What's the input of BERT?

I really don’t get what’s the input of BERT. I read a lot of thing about BERT and most of it is a very confusing.

I know there are three embedding layers as well as I know the intuition behind each of them. But, what’s exactly a token embedding, a segment embedding, and a positional embedding? What is a learned rapresentation? Is it a representation learned during training or a representation learned before the pre-training?

Given a word, a token embedding is a token ID, or an embedding of size 768? Is this embedding random initialize?

segment embeddings are vectors of 0 (for the first sentence) or 1 (for the second sentence)?
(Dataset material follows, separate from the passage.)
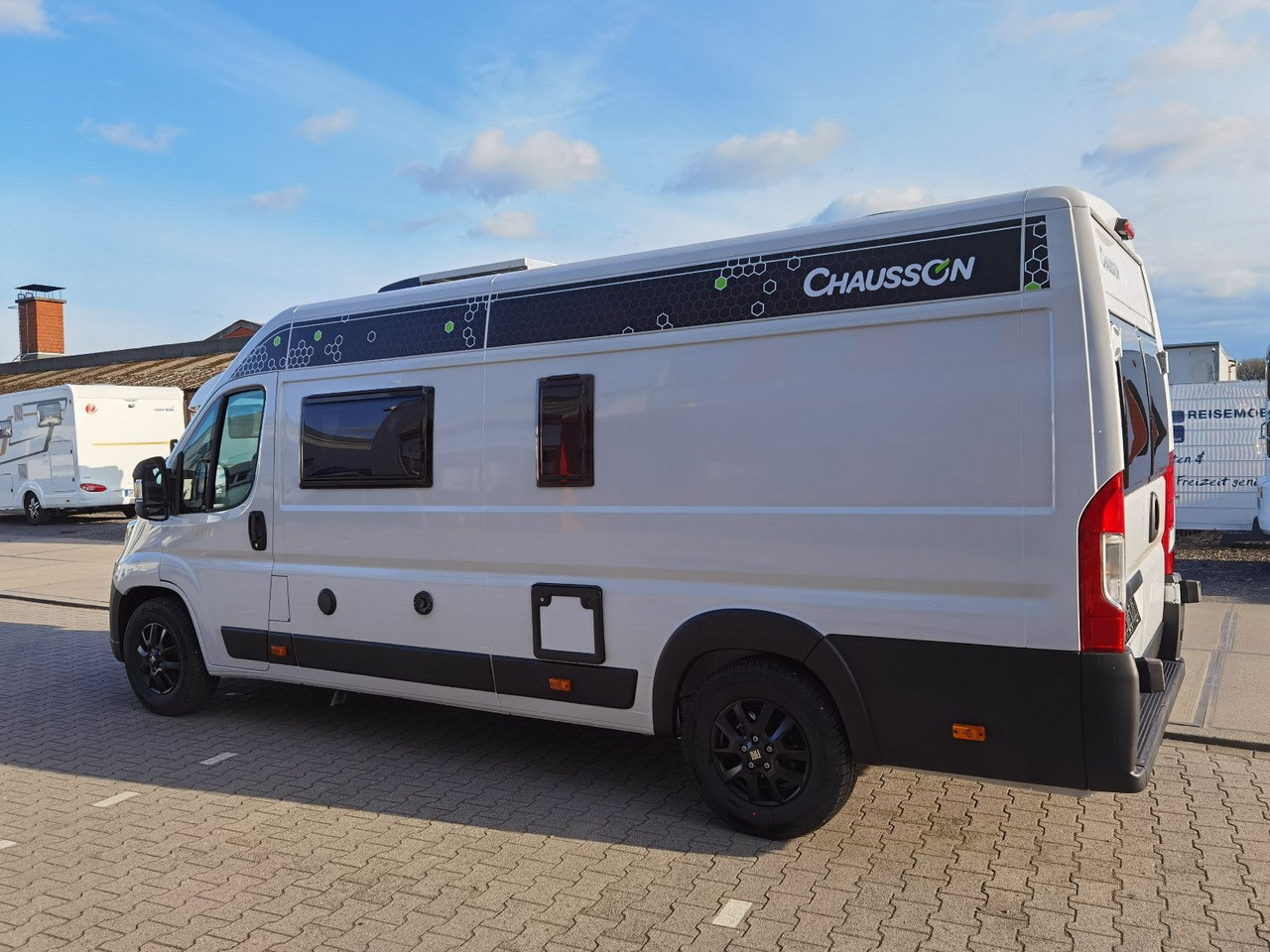 Chausson V697 FIRST LINE / - 2025 - /140PS / EINZELBETTEN Chausson V697 FIRST LINE / - 2025 - /140PS / EINZELBETTEN - Campervan: foto 5 Chausson V697 FIRST LINE / - 2025 - /140PS / EINZELBETTEN Chausson V697 FIRST LINE / - 2025 - /140PS / EINZELBETTEN - Campervan: foto 5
A segment embedding for a sentence is a binary value for each token in the sentence or binary vectors for each of them?

1 Like

Hi! :slight_smile:

BERT’s input is essentially subwords. For example, if I want to feed BERT the sentence “Welcome to HuggingFace Forums!”, what I actually gets fed in is:
['[CLS]', 'welcome', 'to', 'hugging', '##face', 'forums', '!', '[SEP]'].

Each of these tokens is mapped to an integer:
[101, 6160, 2000, 17662, 12172, 21415, 999, 102].

These integers map into vectors using BERT’s embedding matrix (which is initialized randomly and trained during pre-training) and is 768-dimensional.

The learned representation is this 768-dimensional vector for each subword in BERT’s vocabulary.

Segment embeddings are zeros for the tokens in 1st sentence, and ones for the tokens in the 2nd sentence.

4 Likes

Hi! Thank you very much for your time. Your answer was of great help :slight_smile:

1 Like

Thats a fantastic question.

Just to add to that.
When doing lets say sequence classification, you typically pass in input id’s, attention mask and label to the BERT model.

As you probably know computer don’t know what languages are they can just crunch numbers hence each token(tht includes cls/sep tokens) and converts them into numerical represntation which the bert then understands.

Hope it helps!

Hi! I actually am not sure this is so clear, so I want to make sure. Let’s just focus on MLM. Let’s say I have a sentence that’s tokenized and is truly [a, b, c, d, e]. What I believe happens with BERT for such a sentence is some tokens are masked to [MASK] so for example it becomes [a, b, c, d, e] → [a, [MASK], c, [MASK], e]. Then, the input is x = [a, [MASK], c, [MASK], e] while the output is the original y = [a, b, c, d, e] and the goal is to predict y from just seeing x. The objective then involves a soft max due to two [MASK] tokens. You have many more pairs (x, y) but this i just 1 training pair …

… Also, you might not [MASK] a token, you might corrupt it in the sense that it becomes x = [a, b’, c, d’, e] and b’ is either b or another (random) token. Still, the goal is to predict y from this corrupted x so there are still two terms in the loss for this sentence.

Is this not the right way to view this? Let me know if something is missing please. Thank you!

1 Like